Les activités démarrent lentement dans la ville d’Uvira (Sud-Kivu), un mois après le retrait précipité de l’AFC/M23. Cependant, expliquent des sources concordantes, elles restent freinées par la fermeture de la frontière avec le Burundi.
Sur place, les habitants et les commerçants implorent la réouverture de la frontière avec le Burundi. Mais, au port de Kalundu, des manutentionnaires déchargent de longues tiges d’acier. Un signe de reprise d’activités dans ce port public où il y a un mois, l’AFC/M23 y avait installé son quartier général pour la ville d’Uvira, ce qui a été un coup d’arrêt pour les travailleurs locaux.
À présent, trois à quatre bateaux accostent chaque jour, contre une quinzaine avant, explique à RFI le chef de port, Isumbelo Salumu Wisstan. Celui-ci se désole devant les dégâts causés par le conflit.
« Le bâtiment qui est devant vous, là par exemple, vous le voyez, il n’y a pas de porte, il n’y a pas de fenêtre. Tout a été emporté,». C’est un coût quand même important pour la ville. « Un très grand coût,» indique-t-il.
Un mois après le retrait de l’AFC/M23 de la ville, le crépitement des balles a cessé mais la frontière reste toujours fermée.
Dans les rues, les stigmates du chaos entraîné par la guerre restent visibles. Des tonnes de goudrons destinés à finir une route stratégique et autres biens, ont été emportés et sur le marché, depuis que la frontière avec le Burundi a été fermée, les aliments sont devenus plus rares, entraînant une flambée des prix.
L’administration peu à peu de retour
Dans cette ville, l’administration et la police font progressivement leur retour. Lors de la chute, une grande partie des autorités civiles s’était réfugiée à Bujumbura, au Burundi voisin, et parmi eux, le gouverneur du Sud-Kivu, Jean-Jacques Purusi.
Ce mardi 17 février, il a effectué une itinérance au poste frontalier de Kavimvira, au port public de Kalundu et à la mairie d’Uvira.

Au port de Kalundu par exemple, l’autorité provinciale est allée se rassurer du début des activités et du trafic lacustre. À la mairie d’Uvira, il a été question de vérifier l’effectivité du début de service, malgré les actes de vandalisme qui avaient été commis il y a un mois.
Selon sa cellule de communication, Jean-Jacques Purusi a été satisfait du début de service et a promis son implication pour la réhabilitation et équipement des bureaux pour les conditions de transport acceptables.
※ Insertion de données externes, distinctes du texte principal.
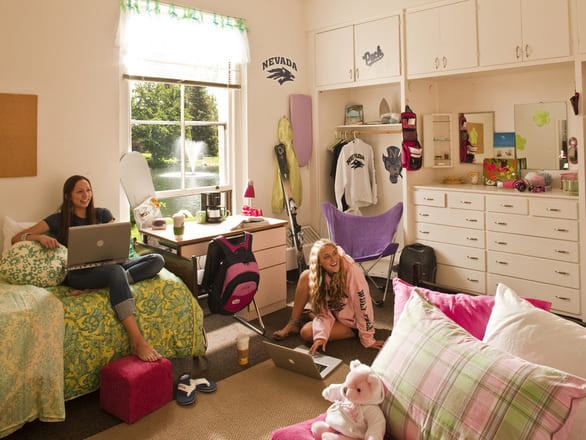 A group of students seated inside Manzanita Hall, engaged in conversation and study. The interior features modern design elements with neutral tones, large windows.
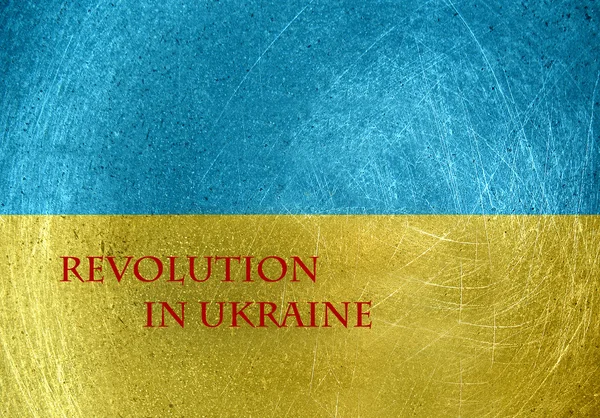 Revolution in Ukraine on the flag of Ukraine — Stock Photo, Image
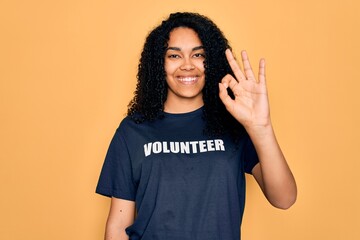 Young african american curly woman doing volunteering wearing volunteer t-shirt doing ok sign with...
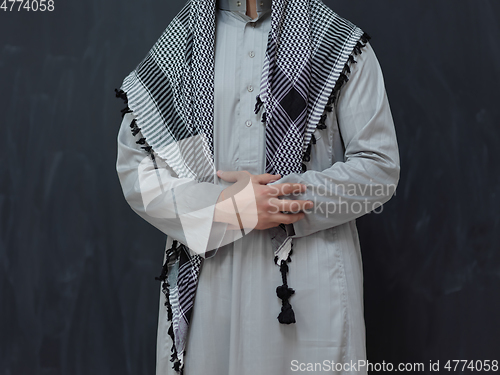 Image of Portrait of young muslim man wearing traditional clothes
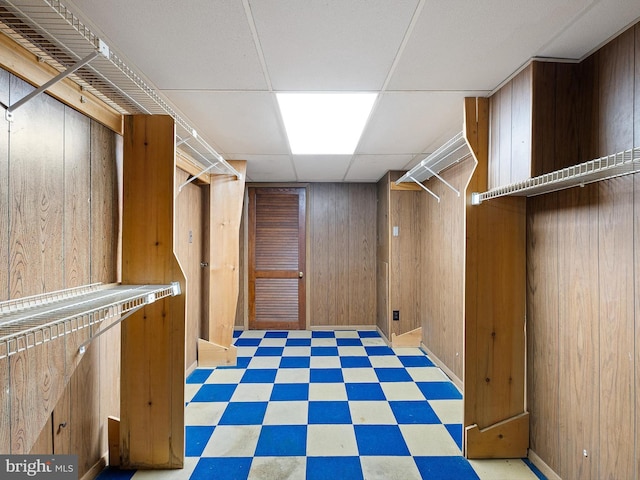 spacious closet with a drop ceiling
Visiblement, le retour des services de l’État est en cours, mais le processus prend du temps, tant que la frontière n’est pas rouverte. De nombreux agents de l’administration, personnel de justice, employés de mairie ou enseignants sont encore bloqués côté burundais.
Le ministre burundais des Affaires étrangères rappelle que les conditions de sécurité ne sont pas encore réunies pour une réouverture, souligne la RFI. Cependant, sur le terrain, le gouverneur du Sud-Kivu a été interpellé directement par la population, impatiente et inquiète.